PublicationAgriculture, Trade, and the WTO : Creating a Trading Environment for Development(Washington, DC: World Bank, 2003)Developing countries have an enormous stake in the new round of World Trade Organization (WTO) negotiations, taking place now, and scheduled to be completed by January 1, 2005. Their full participation in the global trading system could lift and additional 300 million people our of poverty by 2015. Since 1970, these countries have increased their share in all trade, from one-quarter to one-third. Most of these gains, however, have come from increased exports of manufactured goods, which primarily benefit the middle-income developing countries.

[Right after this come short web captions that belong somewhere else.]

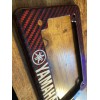 BLVD RED Yamaha motorcycle Carbon license frame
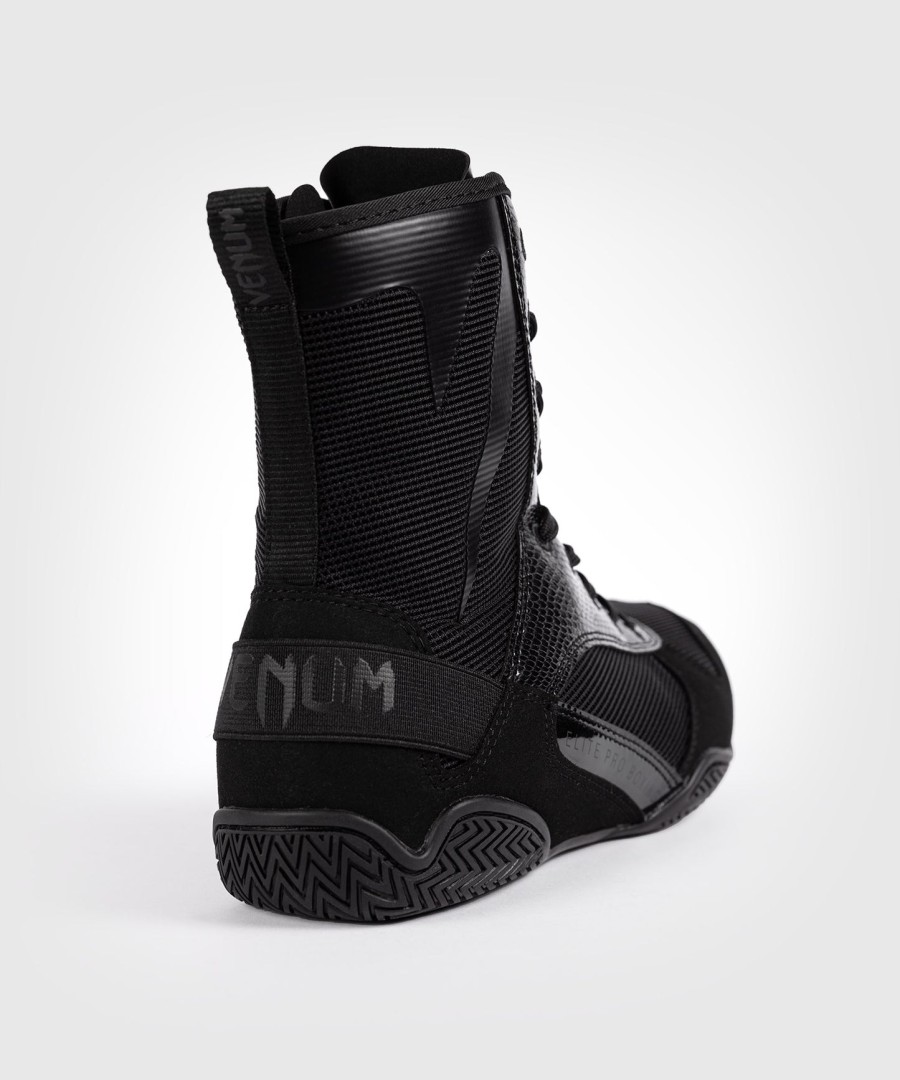 sapatos de boxe venum elite - preto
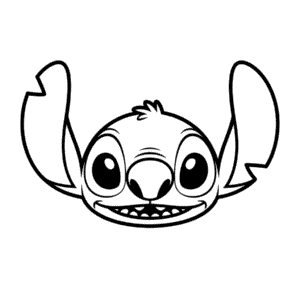 Dibujo Fácil de Cara de Stitch
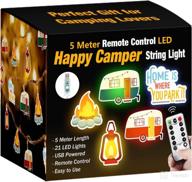 🏕️ rv party lights, 16.5 ft usb operated camper string lights with remote & timer, 21 led, perfect happy camper rv awnings gifts, campsite décor, camping, bedroom, and birthday party accessories logo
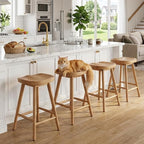 LukeAlon 24.25 Inch Bar Stools Set of 4 by LukeAlon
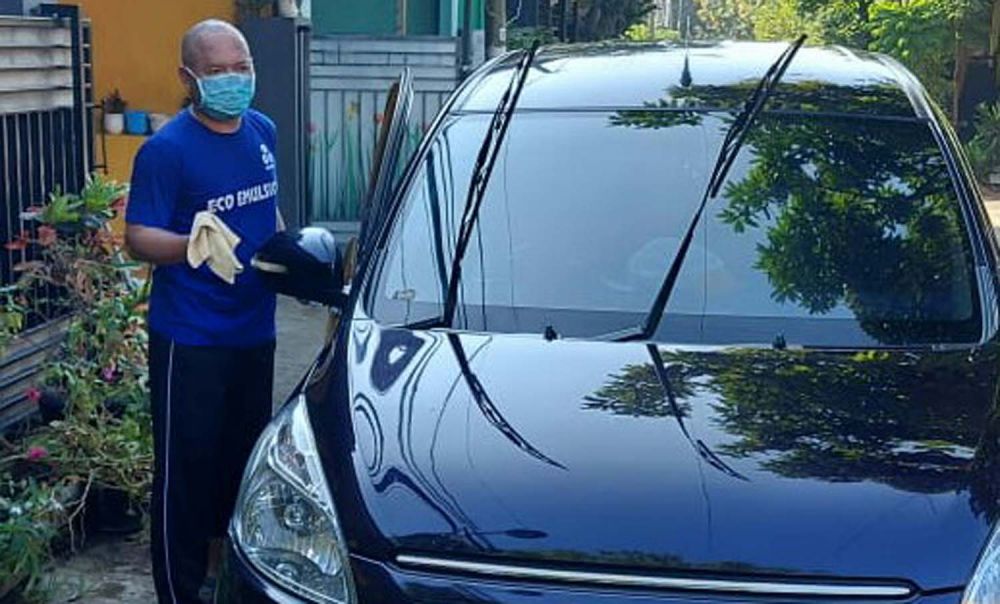 Sarjono, pasien positif Corona klaster Sukolilo asal Pasuruan yang dinyatakan sembuh.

Agricultural products, historically the more important exports for poor countries, have lagged far behind. The main reason for this is the protection - in the form of subsidies and other support, running at roughly U$S 1 billion per day - afforded agriculture in industrial countries. This is more than six times all development assistance. This report contains results of region-specific studies that will prove a vital resource for policymakers, analysts, and others working in the development field. It provides answers to questions such as, What lessons were learned from the Uruguay Round? What is the relationship between trade liberalization, and rural poverty? And, What is the role of the international development community in fostering a trading system that will result in development? The authors argue that only by reshaping the world's trading system, and reducing the barriers to trade, can truly global expansion take place.